(October 3) Wojtek Czaja: The Balian--Low theorem for the symplectic form on R^2d - In this more general context we show that the choice of standard coordinates is not essential, and that one can work in any representation. In particular, we first prove the Balian--Low theorem for arbitrary quadratic forms. Then we generalize further and prove the Balian--Low theorem for differential operators associated with a symplectic basis for the symplectic form on R^2d.

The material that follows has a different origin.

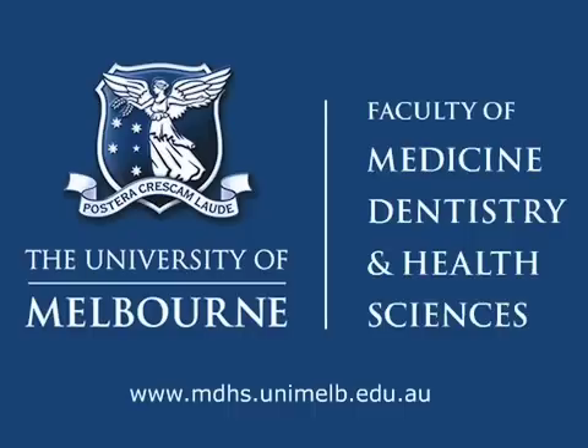This program is brought to you by the Faculty of Medicine, Dentistry and Health Sciences at the University of Melbourne. Please visit us at www.mdhs.unimelb.edu.au.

(October 31) Shijun Zheng: Schrodinger operator Besov spaces, and Wavelet computations for thin film image processing - The sech^2 x potential is a celebrated object in soliton theory. In this talk We consider the Schroedinger operator on the real line, H=-d^2/dx^2+V, where V(x) is a negative hyperbolic sechant potential. Using biorthogonal dyadic system, we introduce Besov spaces and Triebel-Lizorkin spaces associated with H. Our approach is based on eigenfunction expansion method, where the eigenfunctions of H are chosen to be the solutions of the Lippman-Schwinger equation in scattering theory. We also prove a Mikhlin-Hormander type spectral operator theorem on these spaces, including the L^p boundedness result. As a brief overview of current developments in this area we shall compare the Hermite and Laguerre wavepacket case, as well as recent general spectral multiplier results based on heat kernel approach.

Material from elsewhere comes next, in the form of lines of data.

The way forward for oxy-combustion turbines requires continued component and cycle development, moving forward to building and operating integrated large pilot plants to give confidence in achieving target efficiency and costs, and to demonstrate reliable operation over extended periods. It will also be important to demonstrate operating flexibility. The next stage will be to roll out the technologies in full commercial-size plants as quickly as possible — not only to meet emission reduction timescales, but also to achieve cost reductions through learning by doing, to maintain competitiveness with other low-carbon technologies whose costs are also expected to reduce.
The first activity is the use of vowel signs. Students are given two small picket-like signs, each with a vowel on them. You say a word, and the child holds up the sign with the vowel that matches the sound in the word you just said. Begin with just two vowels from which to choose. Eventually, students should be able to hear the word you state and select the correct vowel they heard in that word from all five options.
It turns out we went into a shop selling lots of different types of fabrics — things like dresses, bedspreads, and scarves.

In the second part of my talk, I am going to give a short introduction of the conductivity model for our TAIP program (Thin Film Analog Imaging Processor). The TAIP device is a hybrid analog/digital device concept which promises to perform approximate image filtering operations very rapidly and with very low power consumption compared to standard digital processors. Our proposal is to provide efficient wavelet computational method of the solution of the anisotropic heat equation, which arises in the context of a static electromagnetic field for our model.
(November 7) Loukas Grafakos: The role of Gabor wavelets in the Carleson-Hunt theorem on almost everywhere convergence of the Fourier series. - A maximal dyadic sum operator which models the Carleson-Hunt operator using Gabor wavelets will be discussed. The proof of boundedness of this operator will be outlined and the role of the Gabor wavelets will be explained. An improved energy estimate for Bessel-type expressions associated with Gabor wavelets will be crucial in obtaining the boundedness of these operators.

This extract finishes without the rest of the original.